The coach for the Western Conference team was Dallas Mavericks head coach Don Nelson. The Mavericks had a 35–14 record on February 10. The coach for the Eastern Conference team was New Jersey Nets head coach Byron Scott. The Nets had a 32–15 record on February 10.

Players

The rosters for the All-Star Game were chosen in two ways. The starters were chosen via a fan ballot. Two guards, two forwards and one center who received the highest vote were named the All-Star starters. The reserves were chosen by votes among the NBA head coaches in their respective conferences. The coaches were not permitted to vote for their own players. The reserves consist of two guards, two forwards, one center and two players regardless of position.

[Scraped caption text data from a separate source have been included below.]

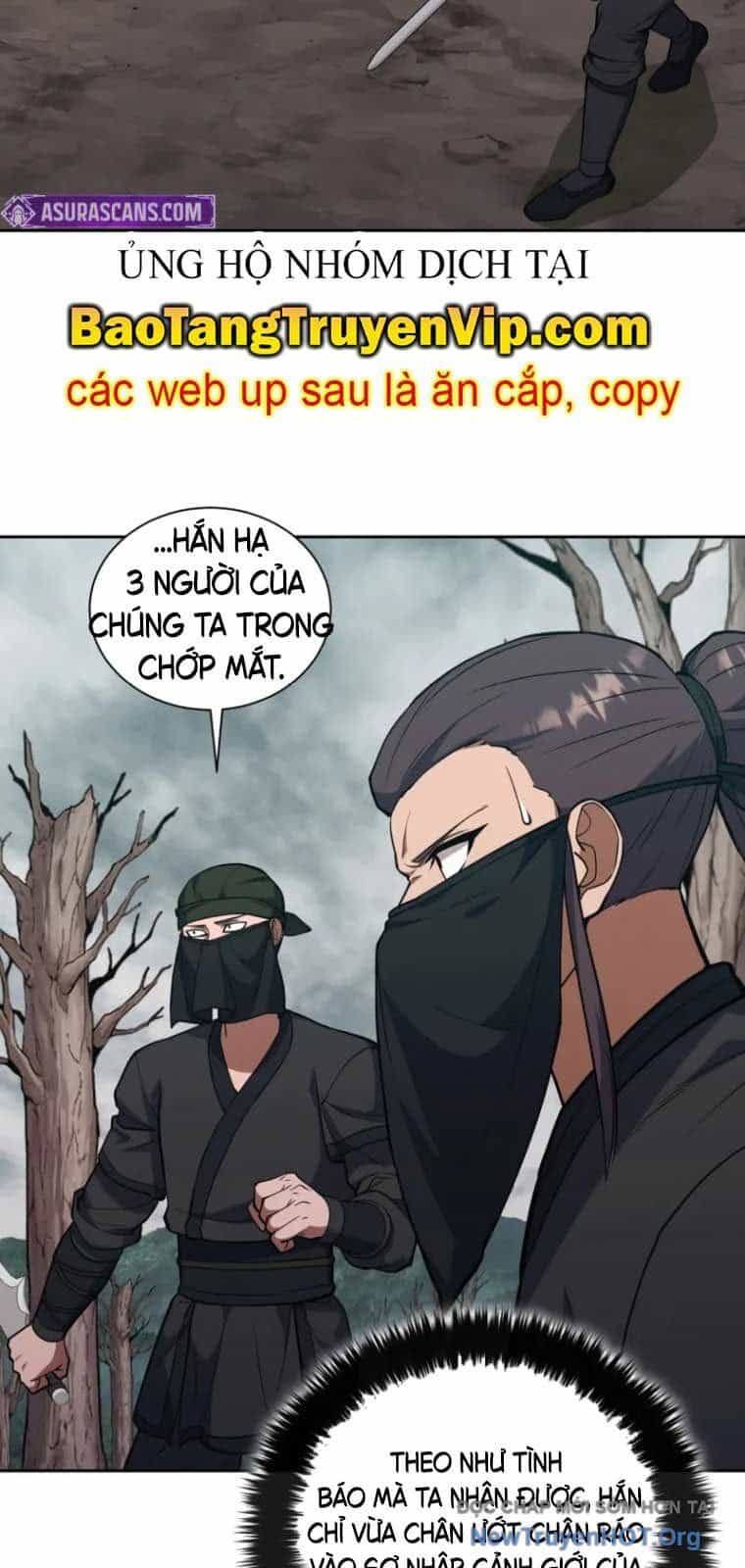Tuyệt Đỉnh Võ Lâm - Chương 47 - ảnh 56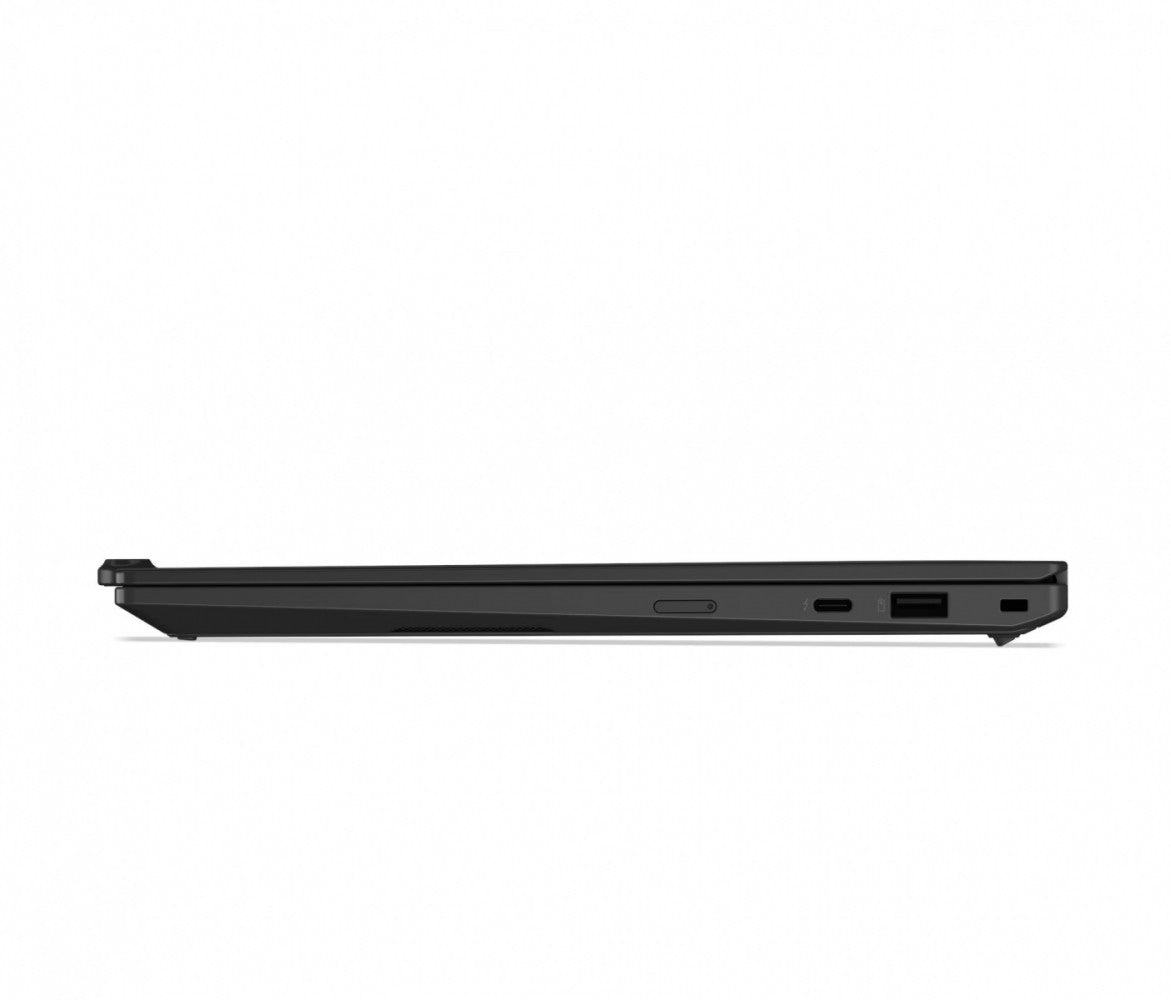 Ultrabook ThinkPad X1 Carbon G14 21V70078PB W11Pro Ultra 7 355/32GB/1TB/INT/14.0 OLED/BLACK/TOUCH/Black/3YRS Premier Support + CO2 Offset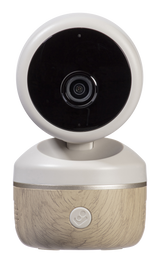 Maxi-Cosi See2Plus Baby Monitor - Elegance Beige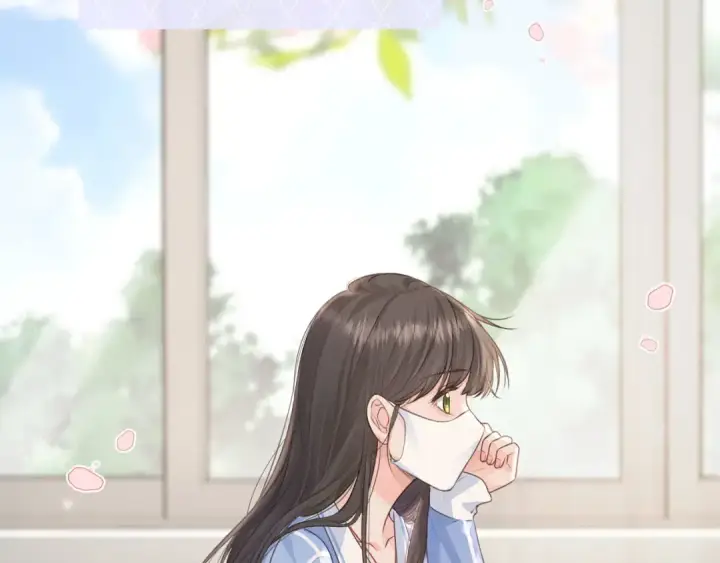 《我就想蹭你的气运》第8话 要不换一个人蹭？图58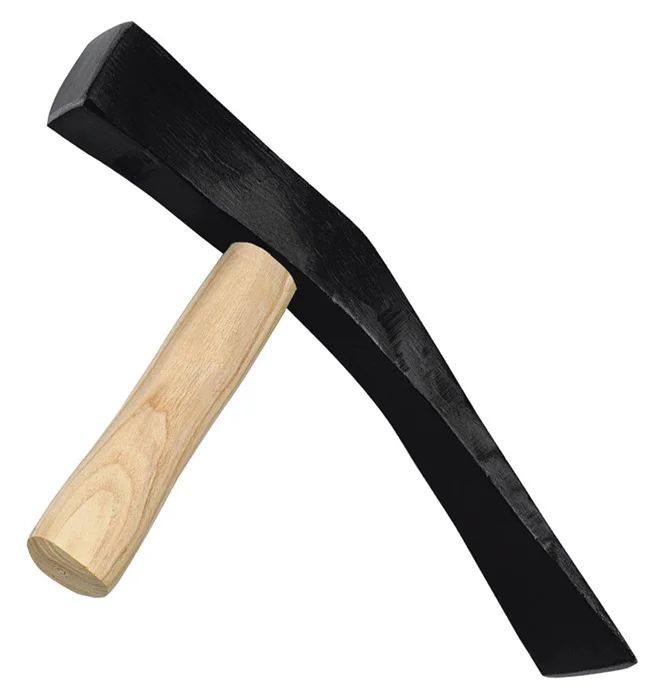 glogner-shop-1202607220517092878427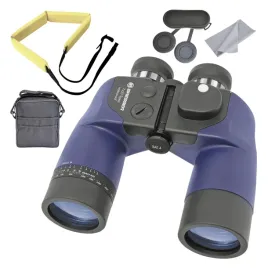 lornetka-morska-bresser-optik-topas-wp-7-x-50-mm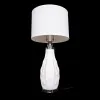 Настольная лампа LOFT IT 10263T/L Настольная лампа LOFT IT 10263T/L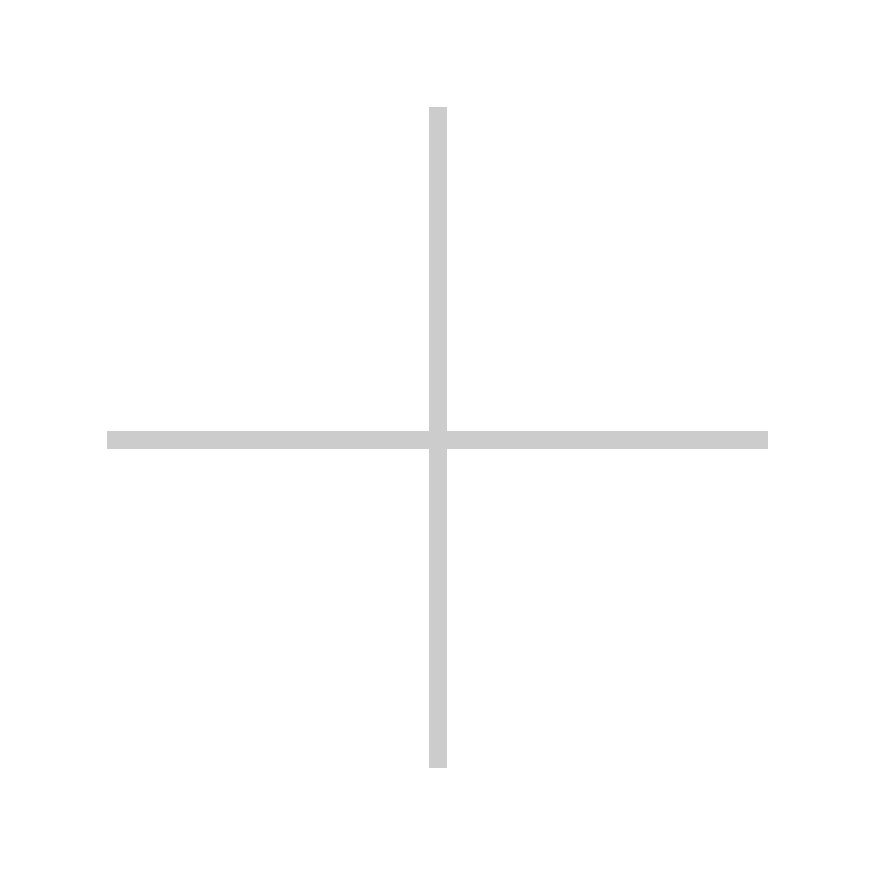 bg2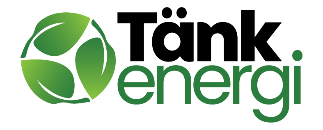 Tänk Energi AB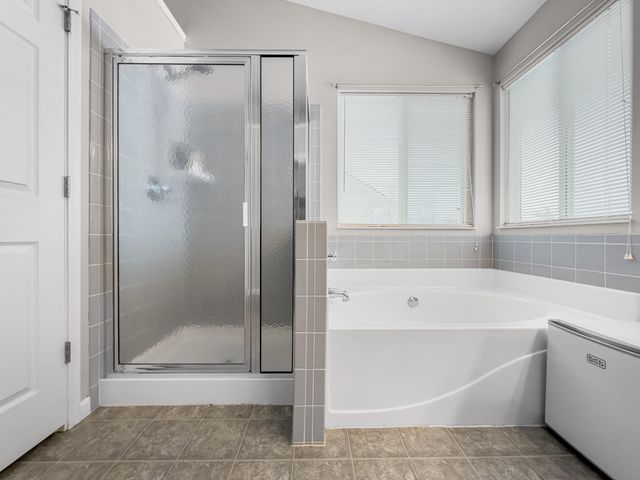 10214 Hamlet Court, Union, KY 41091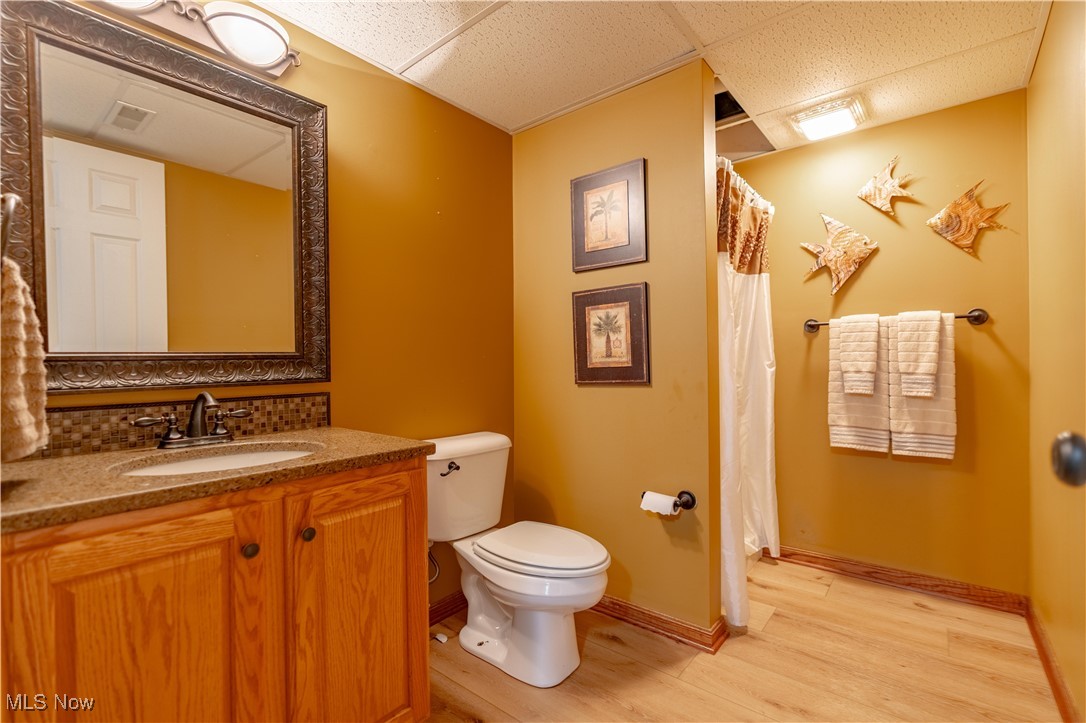 1902 Hollythorne Road Northeast Canton, OH 44721 - Photo 49 of 49 Gallery Image 49
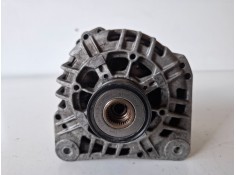 Recambio de alternador para renault kangoo i (f/kc0) k9k704 referencia OEM IAM 7700426849  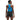 Race Day Bra Women's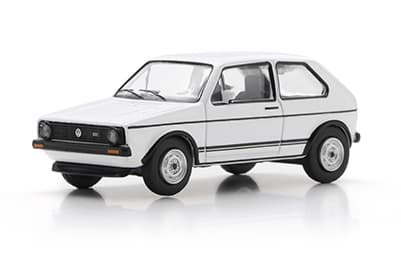 Bild von SCH64U00009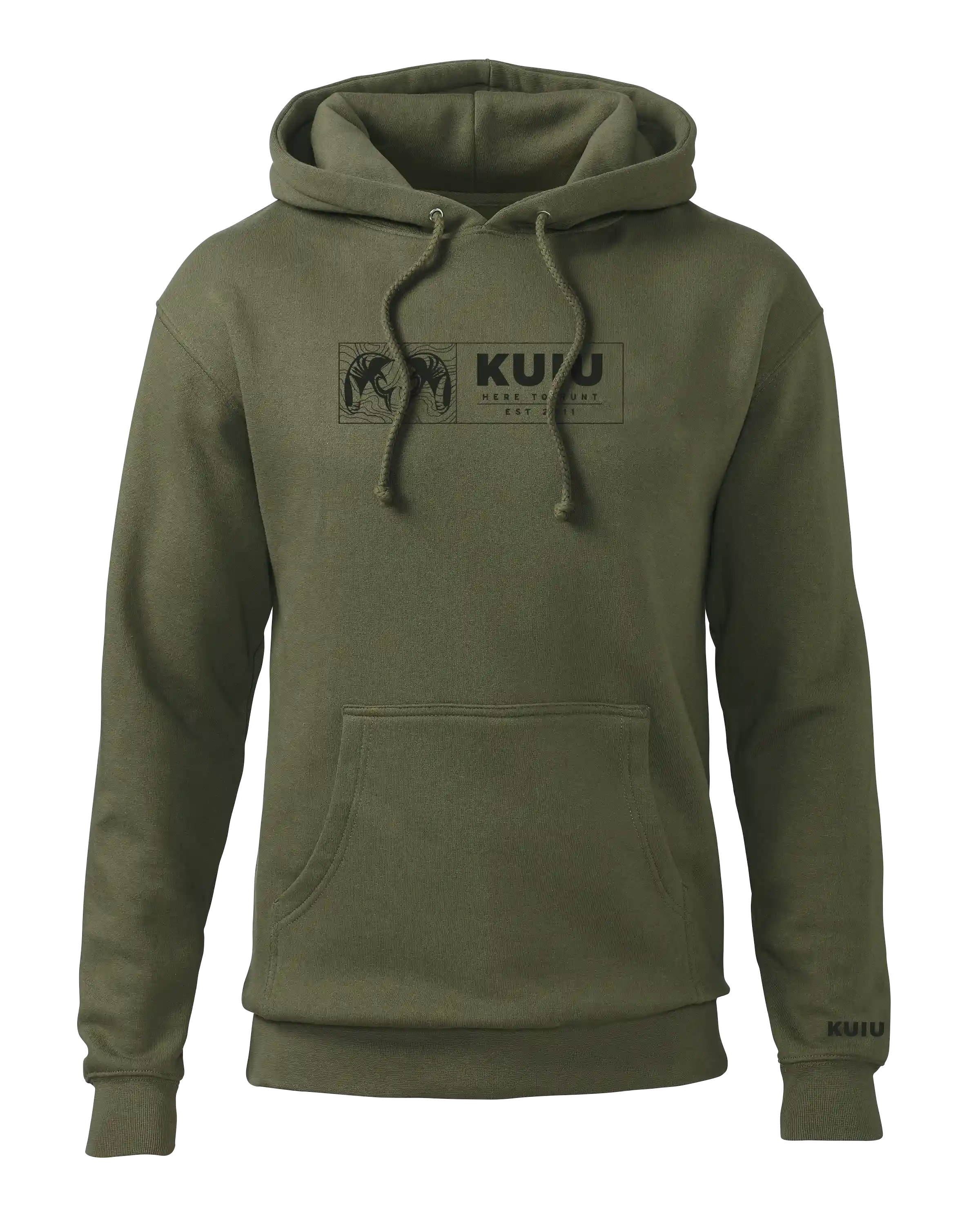 kuiusale.us.com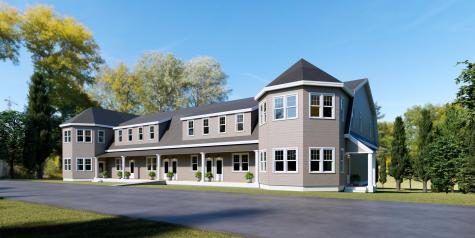 1132 Us Route One York ME 03909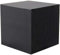 Athemeet Fischtankfilter Wasserreiniger Würfel Aquarium Filter Cube Eco Aquarium Für Aquarium Teiche Wassertank Wasserreinigung (10x10x10cm L)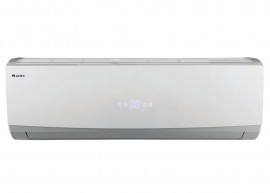 Внутренний блок настенный Gree GWH(12)QC-K3DNC2G / I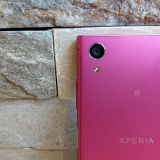 Sony H4233 Spotted on GFXBench: 6-inch Display and a Snapdragon 630?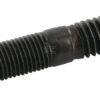 Perno de colector de escape Case - IH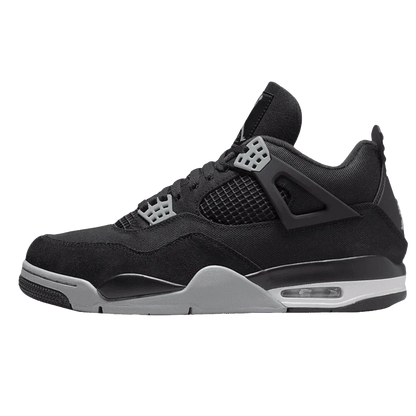 Air Jordan 4 Vendor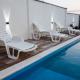 Villa Soleil, Gnojnice (foto 5)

If a player is unable to participate due to injury, the commissioner will select a replacement.

For the third consecutive year, Vince Carter of the Toronto Raptors topped the ballots with 1,470,176 votes, which earned him a starting position as a forward in the Eastern Conference team for the third year in a row. Allen Iverson, Michael Jordan, Antoine Walker, and Dikembe Mutombo completed the Eastern Conference starting position. This was the third consecutive All-Star appearance by Carter and Iverson, and Mutombo's eighth appearance as an All-Star. It also marked Jordan's 13th appearance as an All-Star, and the first after his return from retirement. The Eastern Conference reserves included four first-time selections, Shareef Abdur-Rahim, Baron Davis, Jermaine O'Neal, and Paul Pierce. Ray Allen, Jason Kidd, Tracy McGrady, and Alonzo Mourning rounded out the team. Two teams, Philadelphia 76ers, and Boston Celtics, had two representatives at the All-Star Game with Iverson/Mutombo, and Walker/Pierce.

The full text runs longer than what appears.